SRW and HRW wheat are posting losses of 1 to 3 cents this morning, while HRS wheat is narrowly mixed.
- Choppy to lower trade in the corn market is making it tough for wheat to find buyers.
- Strength in the U.S. dollar index also adds to concerns about the competitiveness of U.S. wheat export prices. USDA yesterday raised its global wheat crop estimate to 172.99 MMT, also fueling such concerns.
- Other Supply & Demand and Crop Production data for wheat yesterday was given a largely neutral to friendly read.
- FranceAgriMer increased its estimate of its wheat crop slightly to 36 MMT, which is up from 35.6 MMT last season.
- UkrAgroConsult raised its grain crop forecast by 1.9 MMT to 53.83 MMT, with wheat production expected at 20.69 MMT.
- While the condition of the spring wheat crop declined slightly last week, harvest has begun with 6% now cut. Traders expect harvest-related hedge pressure to build soon.

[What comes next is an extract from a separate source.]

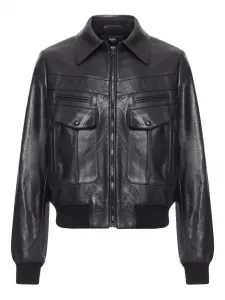 Кожаная куртка с множеством карманов AMIRI, черный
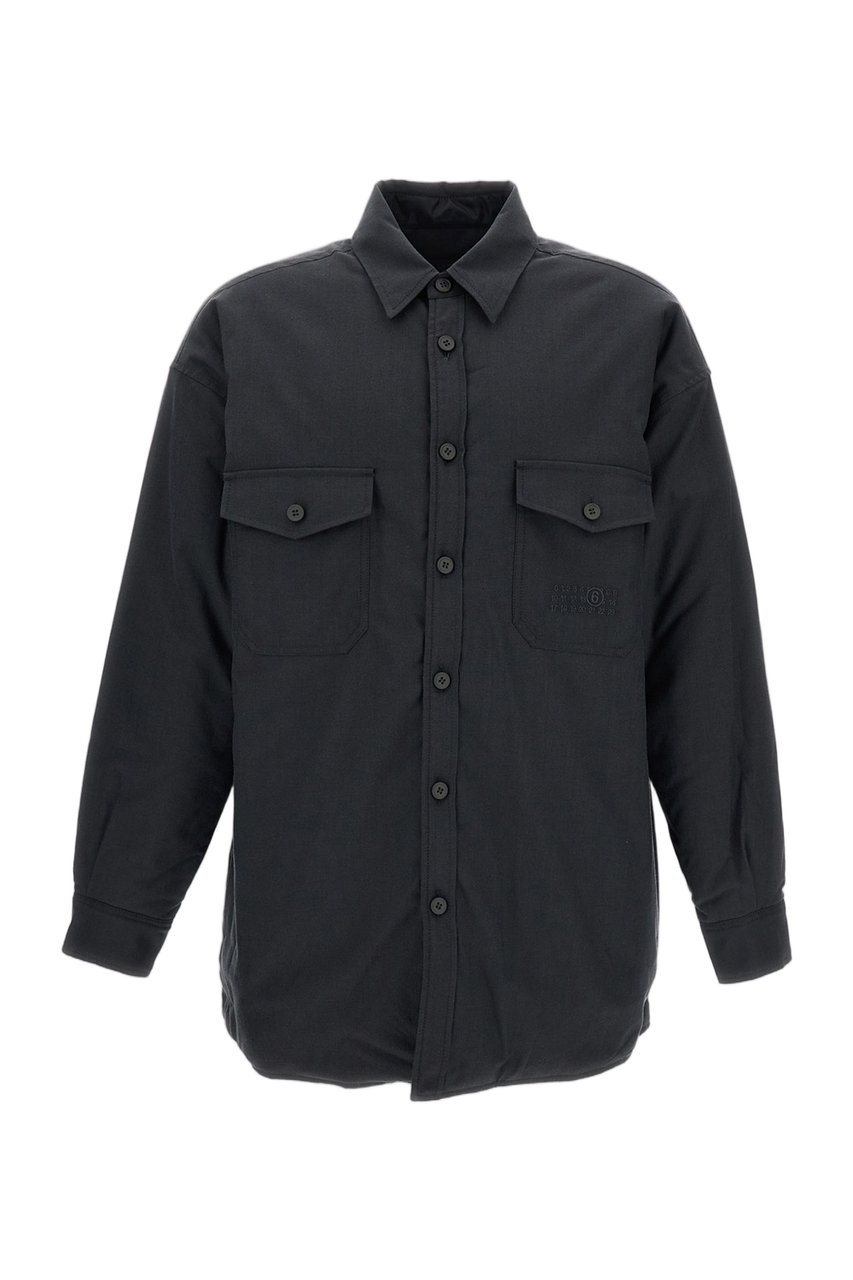 Maison Margiela Black Grey Cotton-Wool Reversible Overshirt Zwart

Live and feeder cattle futures are enjoying slight gains in most contracts this morning.
- Traders are growing increasingly confident that the cattle market has put in a near-term low and will rally around tightening supplies and improved beef demand going forward.

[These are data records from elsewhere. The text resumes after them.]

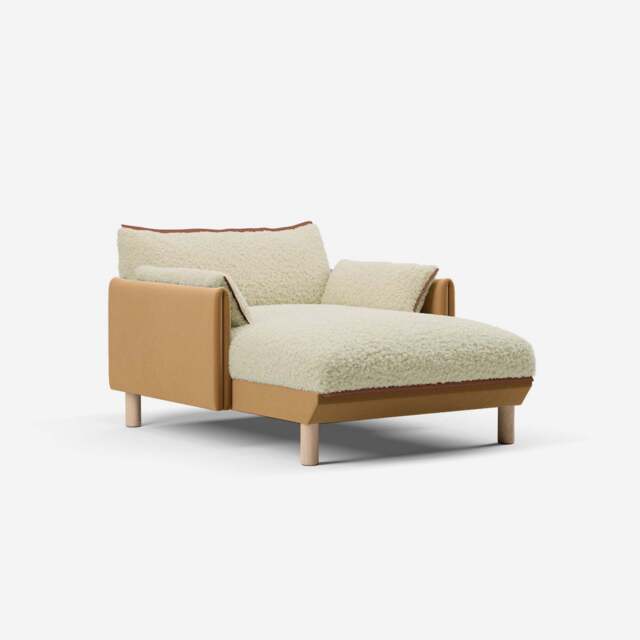 Cozy 1.5 Seater Chaise Sofa - Ochre Cotton - image 1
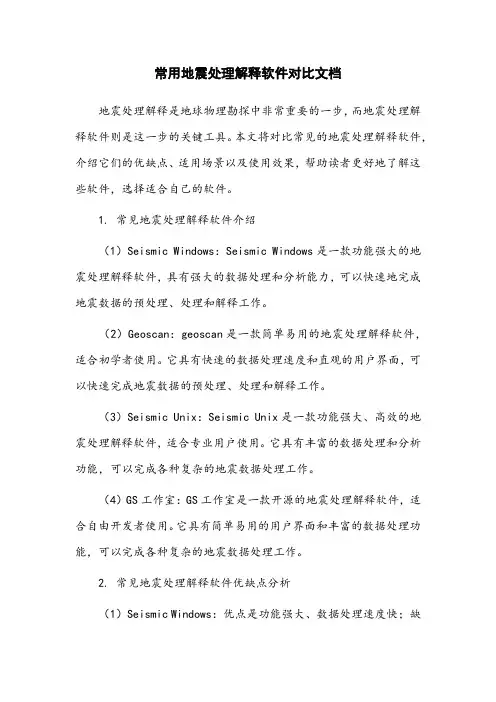 常用地震处理解释软件对比文档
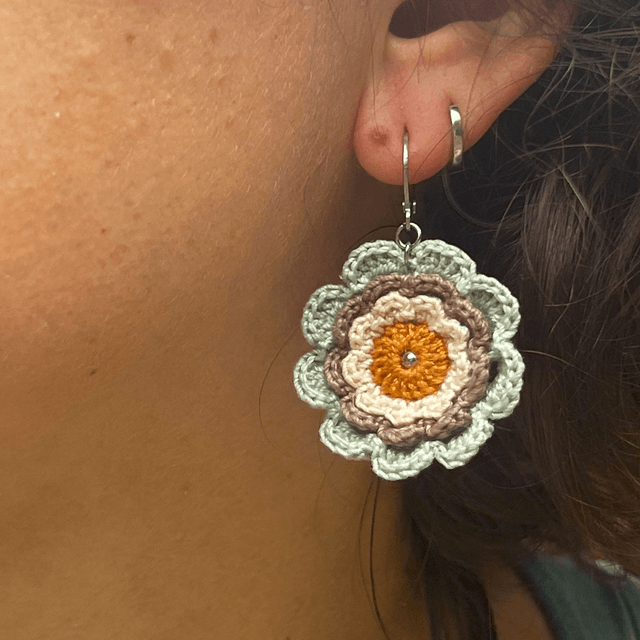 Boucles d’oreilles fleurs Corolles ~ L ~ Ocre / Vert d'eau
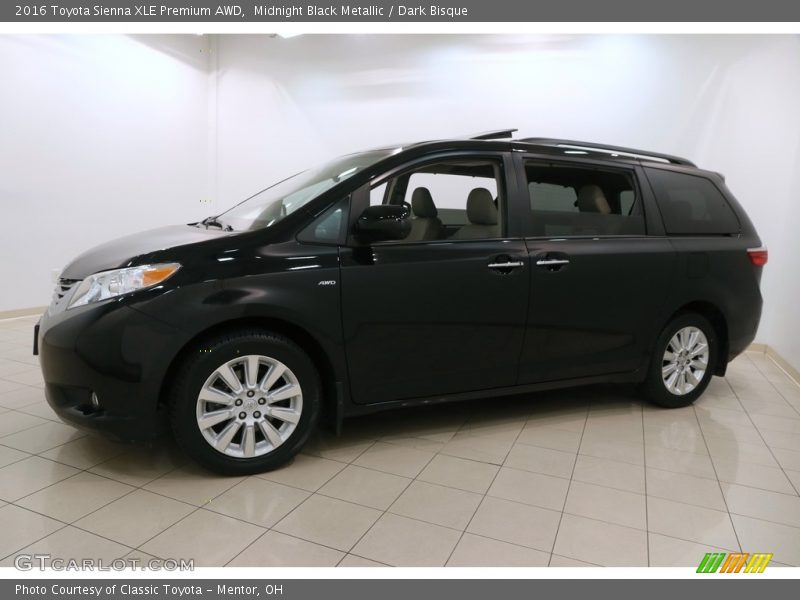 Midnight Black Metallic / Dark Bisque 2016 Toyota Sienna XLE Premium AWD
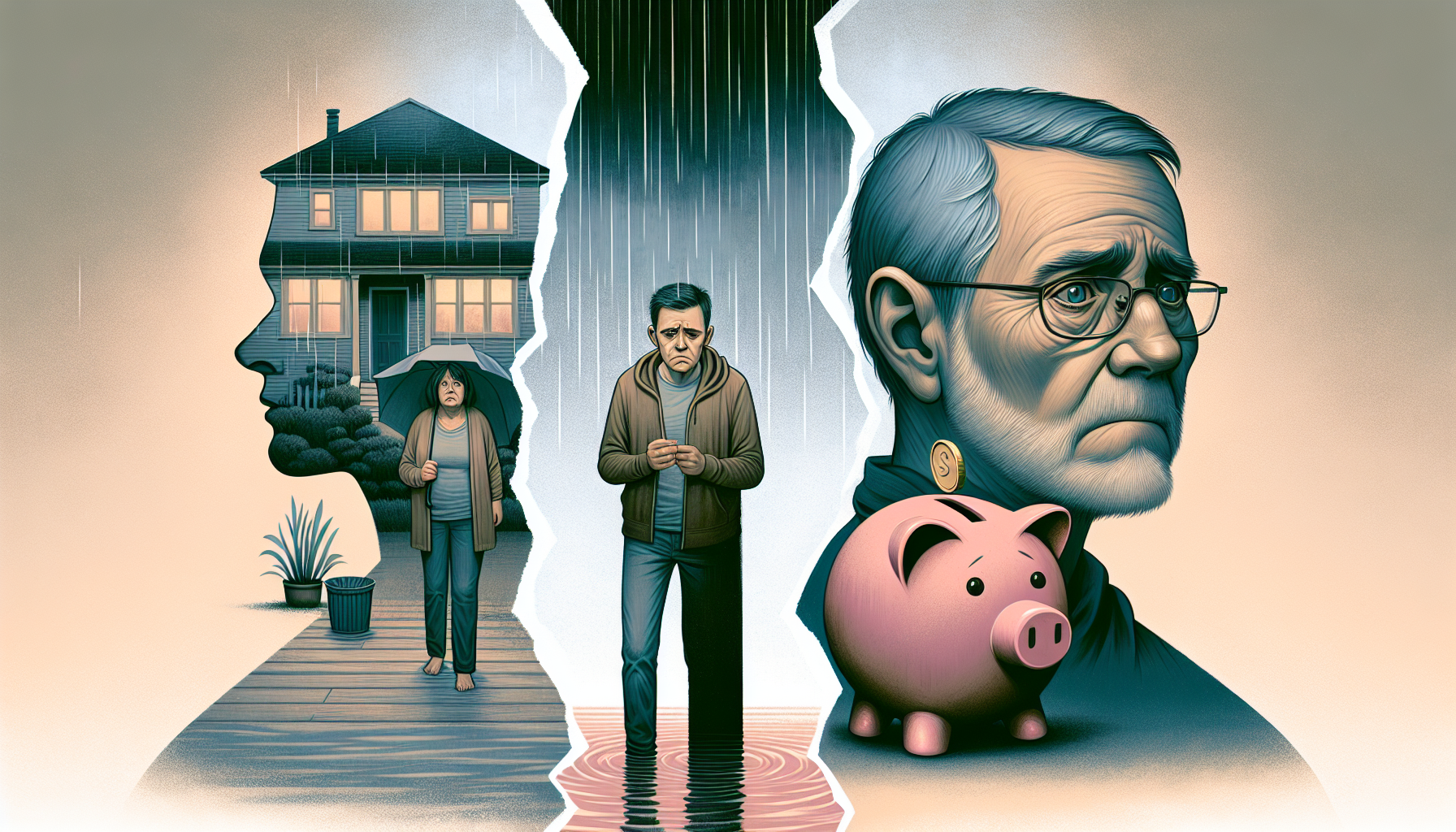 Illustration depicting impact of gray divorce on adult children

- Yesterday, Choice boxed beef values rose $1.29 and Select firmed 85 cents. Movement also picked up notably to 182 loads, signaling some Labor Day buying is taking place.
- Showlist estimates are tighter at all locations this week. This points to at least steady and likely firmer cash trade if the boxed beef market continues to improve.
- Light support also comes from news JBS and National Beef Packing Co. will continue to buy cattle finished with Zilmax and other beta-agonists. Tyson Foods shook the market last week with its announcement it will stop buying cattle finished with Zilmax Sept. 6.
- Live cattle futures are also enjoying some technical buying after yesterday's strong finish.
- Tightening calf supplies and spillover from live cattle are supporting feeder cattle futures. Also, USDA still expects a record-large corn crop, which is easing concerns about feed availability.
Lean hog futures are split amid bull spreading, with 2013 contracts slightly higher and deferred months slightly lower.
- Nearby contracts remain at a discount (a steep one for the October contract) to the cash hog index, which is providing light support.
- But the rest of the market is seeing some light profit-taking after yesterday's solid gains and amid strength in the U.S. dollar index.
- And while positive cutting margins are encouraging packers to increase slaughter runs, building supplies are expected to weigh on the market going forward, especially once Labor Day buying concludes. Cash hog bids are mostly steady today.
- Also encouraging some profit-taking is a $1.16-decline in the pork cutout value and light movement of 256.3 loads yesterday.